Ridley Place is named after John Hoskins Ridley (1872-1943). He was born the son of an emancipated slave in Louisburg, North Carolina. Ridley spent his early career working in the Newport News Shipbuilding and Dry Dock Company, where he rose from laborer to Chief Steward.
His legacy is that of a community leader who, with others, worked to get a secondary school for African Americans in Newport News: Huntington High School. He, along with E.C. Brown and others, was one of the founders of Crown Savings Bank, a black-owned bank established in 1905. Ridley later became a member of the board of directors after Crown Savings merged with another bank.

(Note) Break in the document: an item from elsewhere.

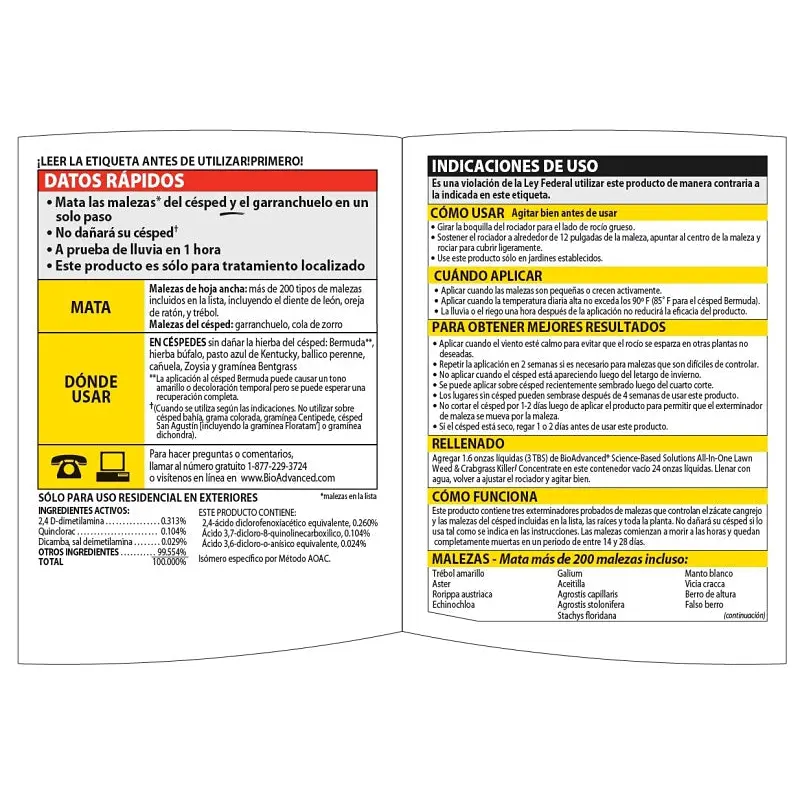 BioAdvanced 704125A Weed and Crabgrass Killer, Liquid, Black/Brown, 24 oz Bottle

John H. Ridley Place was built in 1954 as part of the Housing Authority's East End slum clearance program which aimed to accommodate the city's growing population and encourage investment in Downtown Newport News.
The Marcus Garvey and Universal Negro Improvement Association Papers, Volume V September 1922-August 1924), Robert A. Hill, Editor
Ridley Place has 259 units and is located on the City bus line, which makes it convenient for shopping, schools, churches, and banks. The complex has one, two, three and four bedroom townhouse units. It is close to a waterfront park (King-Lincoln Park) and access to I-664. This complex is also located within walking distance of the Boys and Girls Club of Virginia Peninsula, Doris Miller Community Center, and Downing-Gross Cultural Arts Center.